Fourier Transform of $\displaystyle \frac{x}{x+ic}$ $$\int_{-\infty} ^\infty \frac{x}{x+ic}e^{ikx}dx$$ where $c$ is some positive real constant. 
I've tried substituton $u=x+ic$ giving:
$$\int_{-\infty}^\infty \frac{u-ic}{u}e^{ik(u-ic)}du \\
= \int_{-\infty} ^\infty \frac{u-ic}{u}e^{iku}e^{kc}du \\
= e^{kc}\left(\int_{-\infty} ^\infty e^{iku}du-ic\int_{-\infty} ^\infty\frac{e^{iku}}{u}du\right) \\
= e^{kc}\left(\left.\frac{e^{iku}}{ik}\right|_{-\infty} ^\infty -ic\int_{-\infty} ^\infty\frac{e^{iku}}{u}du\right) $$
I don't know how to evaluate the second integral, and I'm not sure if there's just an easier way to do the whole calculation that I'm missing.
 A: Using $\frac{x}{x+ic} = 1 - \frac{ic}{x+ic}$, we have
\begin{align}
I(k,c)
&= \int_{-\infty}^{+\infty}dx\, \frac{x}{x+ic} e^{i k x}\\
&= \int_{-\infty}^{+\infty}dx\,e^{i k x} \;-\; ic \int_{-\infty}^{+\infty}dx\,\frac{e^{i k x}}{x+ic}\\
&=2\pi\,\delta(k)\;-\; ic \int_{-\infty}^{+\infty}dx\,\frac{e^{i k x}}{x+ic}\, ,\qquad\qquad\qquad (1)
\end{align}
where we have used the integral representation of the Dirac delta function,
$$
\delta(k) = \frac{1}{2\pi}\int_{-\infty}^{+\infty}dx\,e^{i k x}\, .
$$
The latter integral in equation (1) above can be evaluated by contour integration using a semicircular contour.
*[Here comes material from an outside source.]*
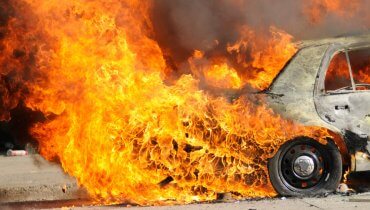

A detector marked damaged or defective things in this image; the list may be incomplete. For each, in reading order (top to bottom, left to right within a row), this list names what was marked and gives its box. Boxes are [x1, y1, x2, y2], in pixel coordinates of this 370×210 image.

Since $c>0$, the pole at $-ic$ is in the lower half-plane. When $k>0$ we must close the contour in the upper-half-plane, so that the $e^{ikx}$ term will decay properly. Since there are no poles in the upper-half-plane, this yields $0$.
When $k<0$, we close the contour in the lower-half-plane, enclosing the pole. Thus:
$$
-\; ic \int_{-\infty}^{+\infty}dx\,\frac{e^{i k x}}{x+ic}
\;=\;
-ic \cdot (-2\pi i) \cdot e^{i k (-ic)}
\;=\;
-2\pi\, c\, e^{-c |k|} \qquad (k < 0)
$$
When $k = 0$, the integral in Eqn. (1) becomes
\begin{align}
-ic \int_{-\infty}^{+\infty}dx\,\frac{1}{x+ic}
&= -ic \int_{-\infty}^{+\infty}dx\,\frac{x-ic}{x^2+c^2}\\
&= -ic \int_{-\infty}^{+\infty}dx\,\frac{x}{x^2+c^2} \;-\; c^2 \int_{-\infty}^{+\infty}dx\,\frac{1}{x^2+c^2}\\
&= -ic \times 0 \;-\; \pi c\, ,
\end{align}
where the first integral becomes zero by symmetry.
Putting all of this together, we have
\begin{equation}
I(k,c)
\;=\;
2\pi\,\delta(k)\;-\;\pi\, c\, e^{-c |k|}\times
\begin{cases}
0 & k >0\\
1 & k = 0\\
2 & k < 0
\end{cases}\, .
\end{equation}